Deploys kubernetes infrastructure components to multiple kubernetes environments using helm and helmfile.
Helmfile is being used to declaratively manage the configuration and deployment of these charts across multiple environments. Helmfile is like helm for helm. It allows a gitflow approach to using helm chart releases, where the release configuration customization is driven by files in git such as changes to yaml values files.
- nginx-ingress
- etcd-operator
- vault
- cert-manager
- prometheus-operator
- myapp-prometheus-operator
- prometheus-pushgateway
- jenkins
- sonarqube
- strimzi (kafka)
- twistlock (Prisma container security)
- atlantis (webhook setup for https://github.com/contino/srebot)
- spinnaker
- jira
- confluence
- gitlab
- hygieia
- confluent-oss (kafka)
- gcp gke on google cloud
- azure aks on azure cloud
- ldev airgap local k8s lower environmentss
- lprod airgap local higher environments
Additional kubernetes cluster including on-prem Anthos, Azure, AWS and others can be accommodated with minimal effort.

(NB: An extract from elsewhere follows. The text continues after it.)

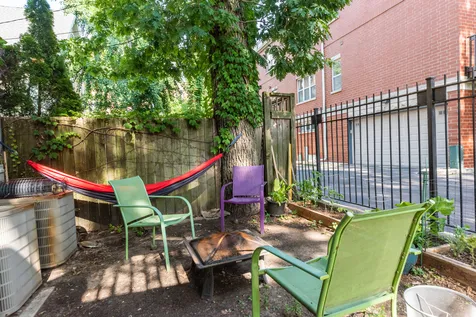 1533 West Leland Avenue Chicago IL 60640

Instructions are provided on setuping up k8s cluster using terraformcloud.md
# brew install kubernetes-helm
# helm version
version.BuildInfo{Version:"v3.0.1", GitCommit:"7c22ef9ce89e0ebeb7125ba2ebf7d421f3e82ffa", GitTreeState:"clean", GoVersion:"go1.13.4"}
# brew install helmfile
# helmfile --version
helmfile version v0.100.2
# helm plugin install https://github.com/databus23/helm-diff
# brew install jsonnet
# pip install pyyml (python2)
# brew install stern
# brew install kubectx
# brew install sops
# helm plugin install https://github.com/futuresimple/helm-secrets
# brew install gnu-getopt
# brew install cfssl
Kubernetes creadentials for the appropriate environement must be used with helmfile/helm/kubectl.
For vk8, a KUBECONFIG file for the myapp-prometheus service account has been generated by the k8s admin.
This can be used by setting the environment var:
# export KUBECONFIG=/path/to/kubeconfig_serviceaccount
Note that kubens, kubectx and other k8s tools might impact usage.
Alternatively, the helmfile --kube-context can be used to specify credentials.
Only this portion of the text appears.